I go to reassure Barry that the detective is clearly bored off his tits and having us “Nah, yeah, well we did learn about that one in school like. Everyone from here knows that.” “You’re both having me on.” “No your friend is completely correct. The Basin used to be a Naval dock until an Earthquake reduced the land to a bog. So in 1863 Wellington Council began work to fill the reserve to form a cricket ground, using Mount Cook prisoners.” The detective tails off mid-story due to the absolute disgust on my face. But then he notices an enthralled Barry gawping like a kid on Santa’s knee, so continues re-energised. “One night affiliates of the prisoners broke in and buried weapons in the bog for a coup d’etat. After weeks of violent jail break attempts and riots the council requested the Navy take back command of the site. Seeing as they still technically had jurisdiction over the Basin. The first thing the did was sign capital punishment decree - the last one standing in New Zealand law today. ‘Anyone who shall break into the Basin Reserve Cricket Ground will be fired out of a cannon’. Although nobody ever did, until now.”

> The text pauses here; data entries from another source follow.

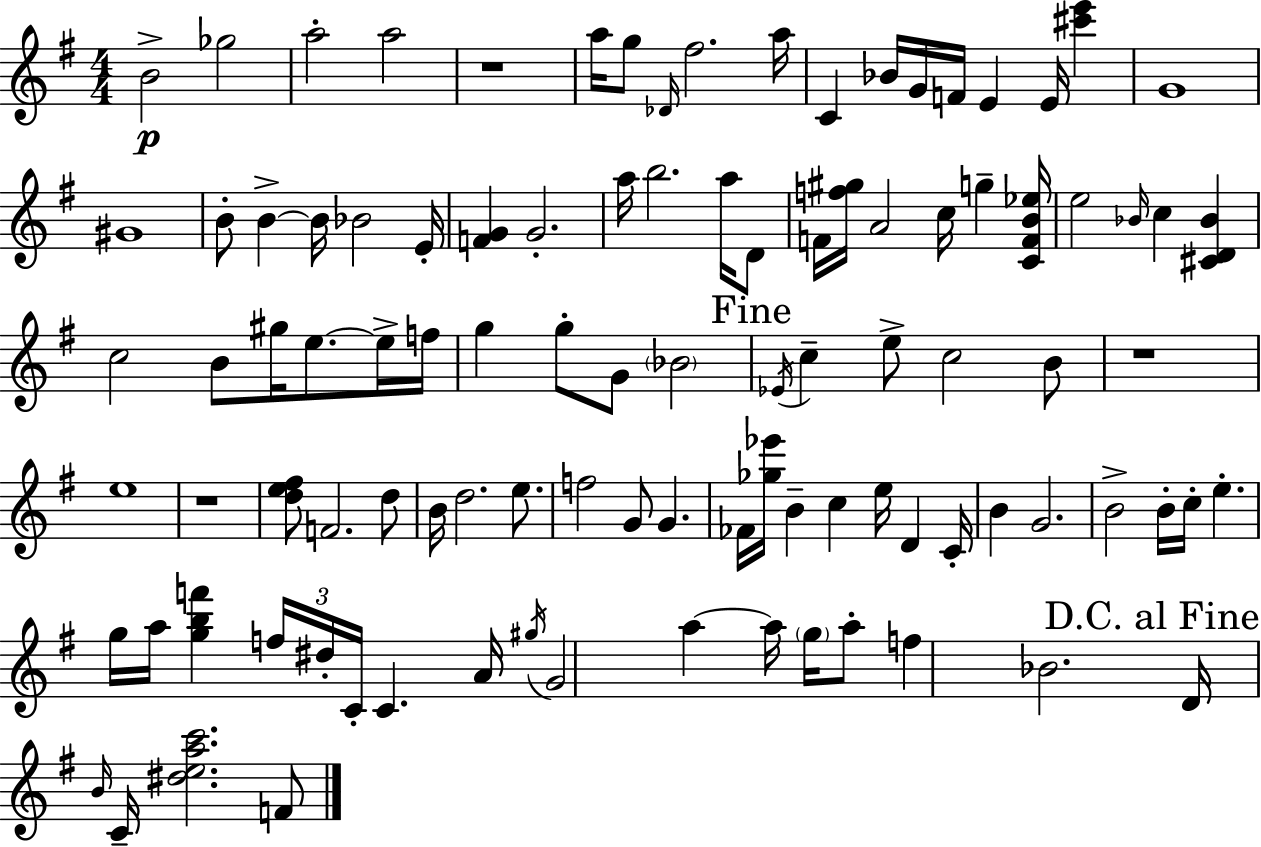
{
  \clef treble
  \numericTimeSignature
  \time 4/4
  \key e \minor
  b'2->\p ges''2 | a''2-. a''2 | r1 | a''16 g''8 \grace { des'16 } fis''2. | \break a''16 c'4 bes'16 g'16 f'16 e'4 e'16 <cis''' e'''>4 | g'1 | gis'1 | b'8-. b'4->~~ b'16 bes'2 | \break e'16-. <f' g'>4 g'2.-. | a''16 b''2. a''16 d'8 | f'16 <f'' gis''>16 a'2 c''16 g''4-- | <c' f' b' ees''>16 e''2 \grace { bes'16 } c''4 <cis' d' bes'>4 | \break c''2 b'8 gis''16 e''8.~~ | e''16-> f''16 g''4 g''8-. g'8 \parenthesize bes'2 | \mark "Fine" \acciaccatura { ees'16 } c''4-- e''8-> c''2 | b'8 r1 | \break e''1 | r1 | <d'' e'' fis''>8 f'2. | d''8 b'16 d''2. | \break e''8. f''2 g'8 g'4. | fes'16 <ges'' ees'''>16 b'4-- c''4 e''16 d'4 | c'16-. b'4 g'2. | b'2-> b'16-. c''16-. e''4.-. | \break g''16 a''16 <g'' b'' f'''>4 \tuplet 3/2 { f''16 dis''16-. c'16-. } c'4. | a'16 \acciaccatura { gis''16 } g'2 a''4~~ | a''16 \parenthesize g''16 a''8-. f''4 bes'2. | \mark "D.C. al Fine" d'16 \grace { b'16 } c'16-- <dis'' e'' a'' c'''>2. | \break f'8 \bar "|."
}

“You two need to stop. I’m not having it. Absolutely not. Get fucked, the pair of ya.” I was done. Barry opens his mouth a while before the words follow “Yeaaah” he says remembering. “We went to the cricket museum on a school trip. It’s inside the Basin! There’s a whole thing on it.” “This is actually quite exciting for me as a local officer of the law.” Barry actually congratulated him. His lack of irony making me want to hoof him right in the bollocks. They moved us into separate cells and asked us if we had any final requests. I demanded a phone call with the British High Commission and wrangled my extradition back to the UK. Barry’s last request was that he got to carry his tent with him into the barrel of the cannon. The following morning they fired Barry and that yellow pop-up into the harbour. The reports say it sprung open in mid-air. They never found his body.